Some of the most damaging invasive bird species in Hawaii are:
- Common Mynah
- Great-tailed Mynah
- Black-headed Munia
- White-rumped Shama
- Red-whiskered Bulbul
- Red-vented Bulbul
- Rose-ringed Parakeet
These birds are all seed predators, which means they eat the native plants’ seeds, preventing them from reproducing. They also act as seed dispersers for invasive plants that have evolved to spread seeds via birds’ digestive tracts.
This has a devastating effect on the native ecosystem, as the native plants cannot compete with the invasive plants.
In addition to being seed predators, these birds also spread disease. Avian malaria is a significant problem in Hawaii, and these invasive bird species are vectors for the disease.
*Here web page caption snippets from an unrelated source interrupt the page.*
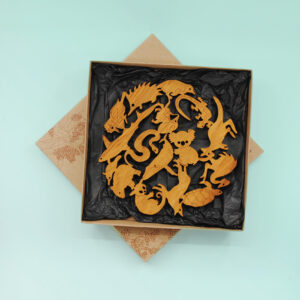 A round wooden Australian animal design trivet in a recycled card presentation box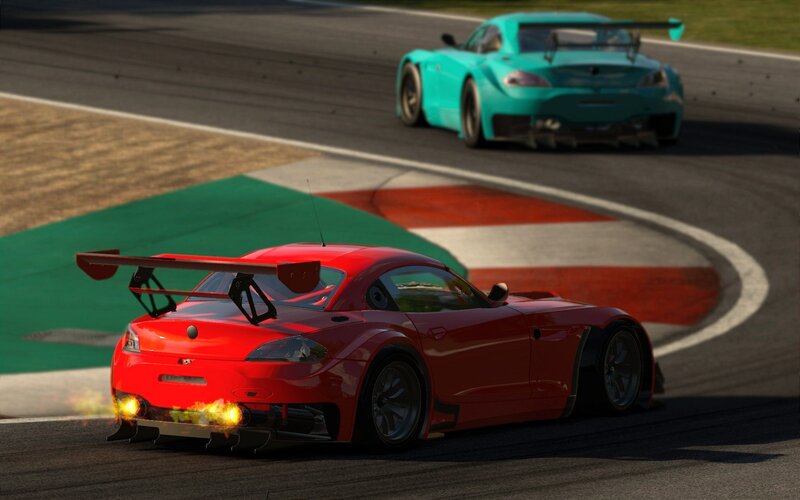 Red and teal race cars on track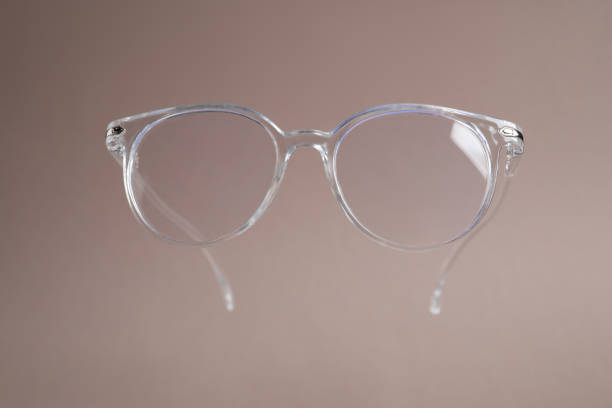 Stylish pair of glasses on pale brown background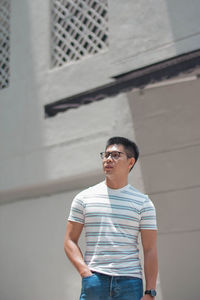 Young man wearing sunglasses standing against wall in city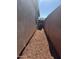 Narrow side yard with gravel, an air conditioning unit, and a view of the neighborhood at 7046 N 84Th Dr, Glendale, AZ 85305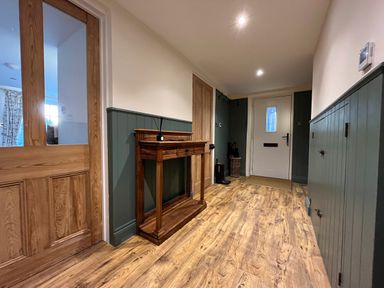 A hallway with wooden flooring a wooden console table coat hooks and a white door at Old Post Office in Sherborne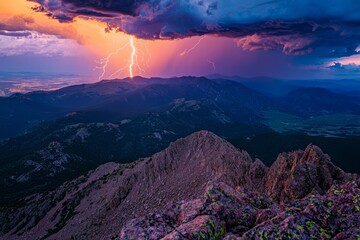 Lightning strikes over a mountain range at sunset.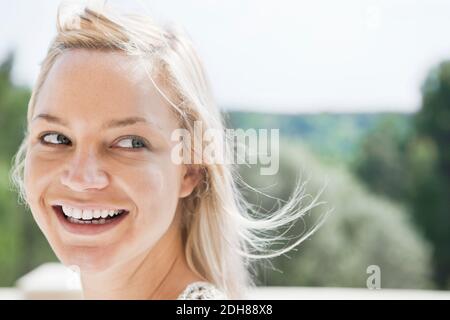 Close up of beautiful young woman looking away through sideway glance Stock Photo
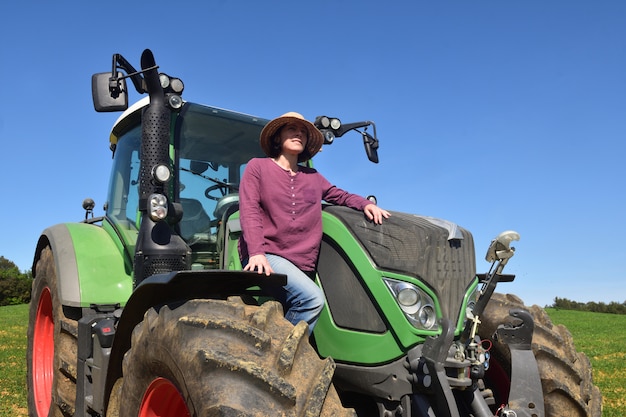 Foto retrato de uma mulher de fazendeiro e trator no campo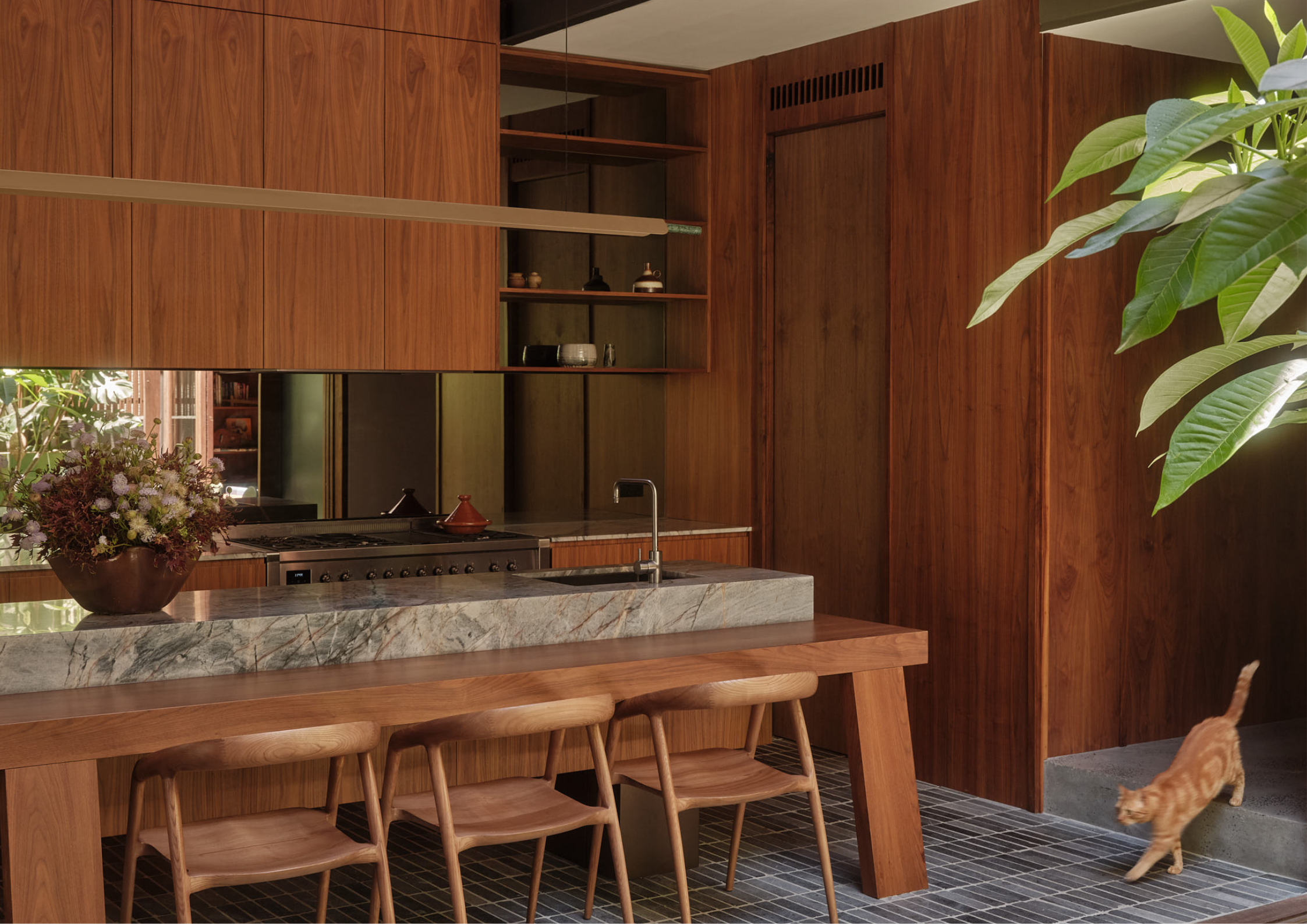 Rich timber kitchen interior featuring marble island bench, custom joinery, and warm natural light filtering through the space.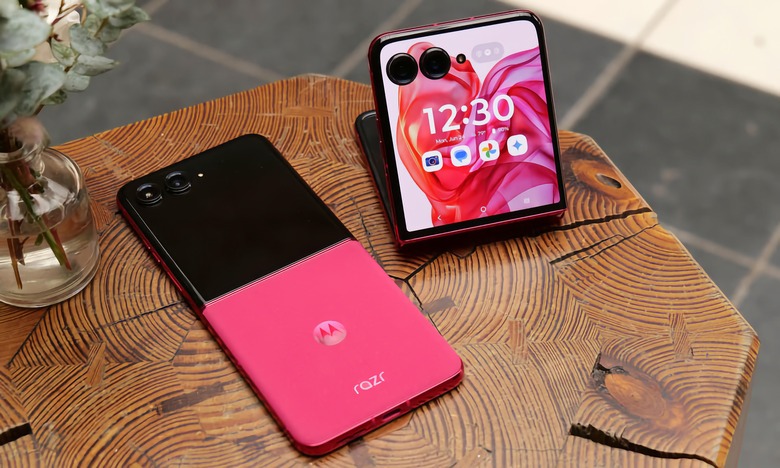 A pink leather Motorola Razr+ laying flat on a table next to a partially folded Razr+.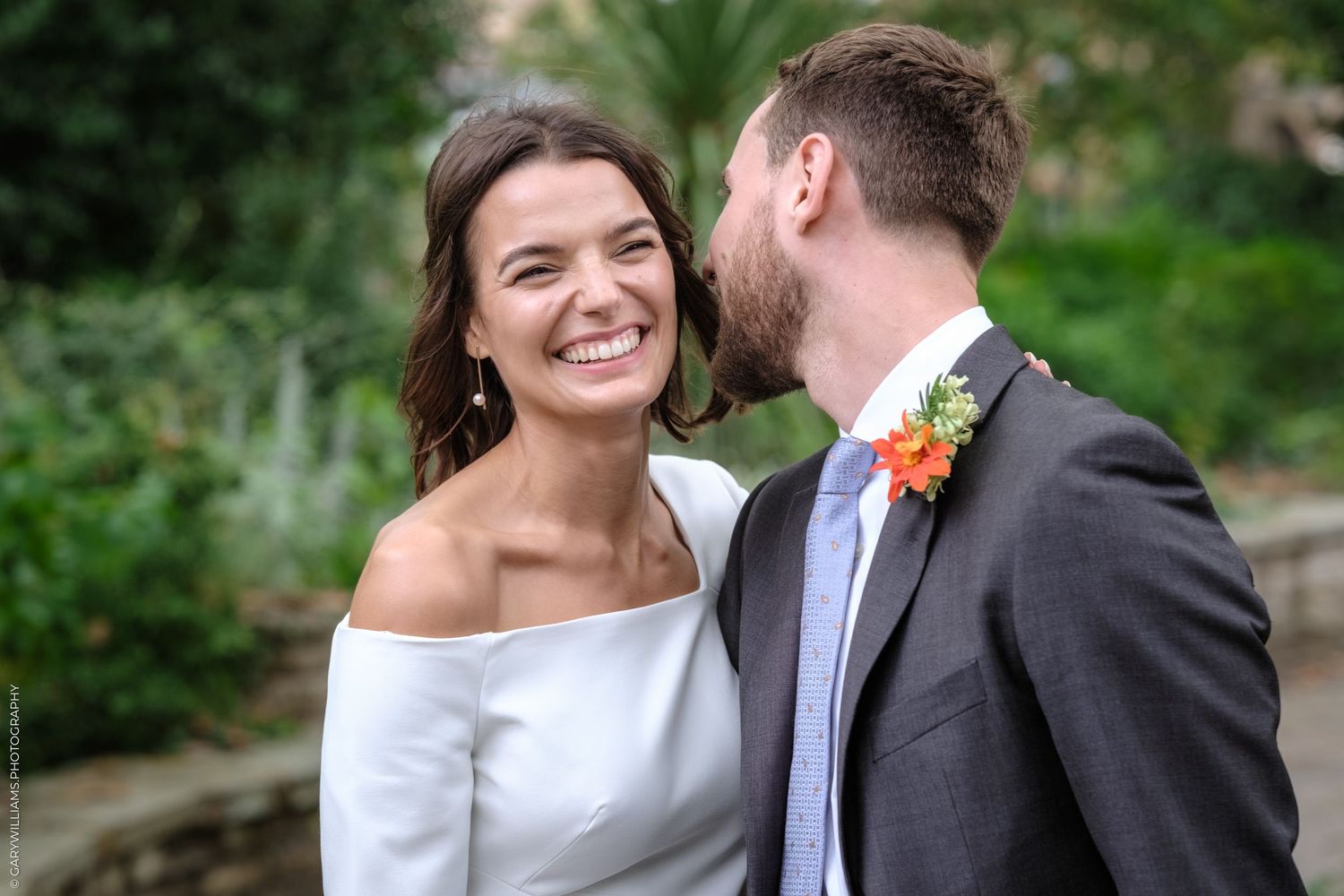 A happy couple shares a candid wedding moment outdoors, with the bride in white and groom in grey suit with orange boutonniere.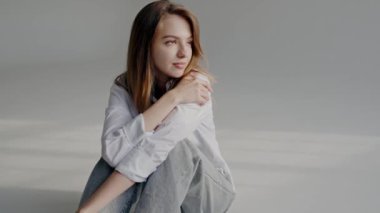 Beyaz gömlekli beyaz bir kadın minimalist bir stüdyo ortamında otururken düşünceli görünüyor. Sakin ve içsel bir ruh hali sergiliyor. Stüdyoda Düşünceli İfadesi Olan Zarif Genç Kadın.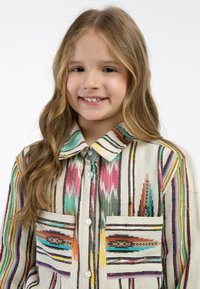 Camicia a strisce verticali multicolore con un colletto e due tasche frontali con design intricati. Realizzata in tessuto intrecciato.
They contract the disease from mosquitoes and then spread it to the native birds, who have no immunity.
Avian malaria has caused the extinction of several native bird species in Hawaii and is a major threat to the remaining native bird populations.
With so many different types of black birds in Hawaii, it can be tough to tell them apart. Keep these tips in mind the next time you’re out birdwatching, and you’ll be able to identify the black birds you see.
Blackbirds aren’t the only famous group of birds missing from Hawaii; the state also does not have any fan-favorite Hummingbirds. Still, Hawaii’s birdlife is rich in many other ways. Honey-eaters, flycatchers, and parrots adorn the forests while seabirds like skuas, sandpipers, and petrels patrol the coast. Hawaii also has both native and introduced species of hawks and owls.
If you think you’ve seen a true blackbird species in Hawaii (that isn’t the Western meadowlark), please report it to the Department of Land and Natural Resources so that they can investigate. With careful monitoring, we can make sure that these introduced species don’t cause harm to Hawaii’s native ecosystem.